La Cour pénale internationale a décidé vendredi que la Libye pouvait juger l'ancien espion en chef du dictateur déchu Mouammar Kadhafi, Abdallah al-Senoussi, une première historique pour la CPI.

Celle-ci avait demandé que l'ancien espion lui soit remis afin de le juger pour crimes contre l'humanité. Étant donné qu'Abdallah al-Senoussi va être jugé en Libye, les juges de la CPI «ont conclu que le cas ne pouvait être porté devant la Cour, en accord avec le principe de complémentarité», selon un communiqué de la cour.

C'est la première fois qu'une telle décision est prise par la Cour, qui avait refusé de pareilles demandes de la part du Kenya, notamment.

L'avocat de Senoussi, Ben Emmerson, a immédiatement annoncé son intention de faire appel, dans un courriel envoyé à l'AFP.

«C'est une décision choquante», qui condamne Senoussi à «une justice de lynchage» et «à une inévitable peine de mort», a-t-il estimé.

Cette décision ne concerne que l'ancien espion et non le fils de l'ancien dictateur déchu, Seif al-Islam, a souligné la Cour, qui désire toujours que celui-ci soit transféré à La Haye.

L'ancien héritier de Kadhafi et d'autres hauts responsables de son régime sont accusés de crimes commis dans la répression de la révolte contre le dictateur il y a deux ans.

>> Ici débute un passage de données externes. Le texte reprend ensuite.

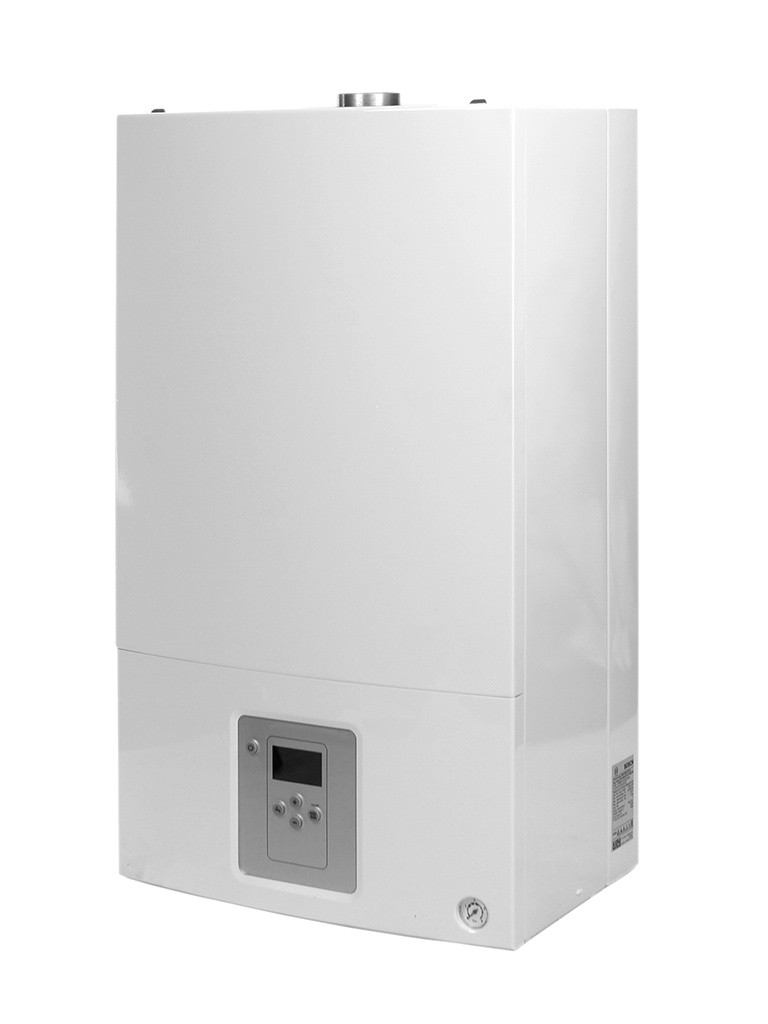 Газовый котел BOSСH WBN6000-24C RN S5700, турбо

«L'accusation contre Senoussi fait actuellement l'objet d'une procédure dans son pays, menée par les autorités compétentes, et la Libye est prête et capable de mener véritablement cette enquête», ont estimé les juges.

Le statut de Rome, le traité fondateur de la CPI, prévoit que la Cour ne peut entamer des procédures et juger un suspect que si et seulement si son pays est dans l'incapacité ou n'a pas la volonté de le faire.

La CPI a précisé qu'elle pourrait revenir sur sa décision s'il apparaissait que Senoussi ne bénéficiait pas d'un procès équitable.

Le procureur et la défense peuvent tous les deux interjeter appel de cette décision s'ils le désirent. Si des faits «nouvellement apparus» sont contraires aux raisons qui ont poussé les juges à prendre cette décision, celle-ci peut être réexaminée.

Un tribunal de Tripoli doit décider le 24 octobre s'il va inculper Seif al-Islam, Senoussi et 18 autres hauts responsables de l'ancien régime.

Le fils de Kadhafi est toujours aux mains de rebelles dans la ville de Zenten (ouest) et ceux-ci ont jusqu'à présent refusé de le remettre aux autorités.

La CPI a estimé «que les documents fournis par la Libye montrent que les enquêtes de la Libye et de la CPI couvrent les mêmes faits, et que les autorités locales ont pris» les mesures nécessaires pour mener à bien ce procès, a souligné la Cour.

«La CPI est un tribunal de dernier recours. Elle ne remplace pas les systèmes judiciaires nationaux, elle vient en complément», a souligné le porte-parole de la Cour, Fadi El Abdallah.

Les associations de défense des droits de l'homme Amnesty International et Human Rights Watch avaient toutes deux demandé que Seif al-Islam et Senoussi soient jugés par la CPI.

Lors de la dernière parution d'Abdallah al-Senoussi devant un tribunal de Zenten le mois dernier, quelques dizaines de membres de familles des victimes du massacre d'Abou Salim en 1996, commandité selon plusieurs témoignages par M. Senoussi, manifestaient devant le tribunal de Zenten pour réclamer justice.

Beau-frère par alliance de l'ancien «Guide de la révolution», Abdallah al-Senoussi faisait partie du premier cercle et a été l'un des artisans de la répression sanglante contre la rébellion de 2011.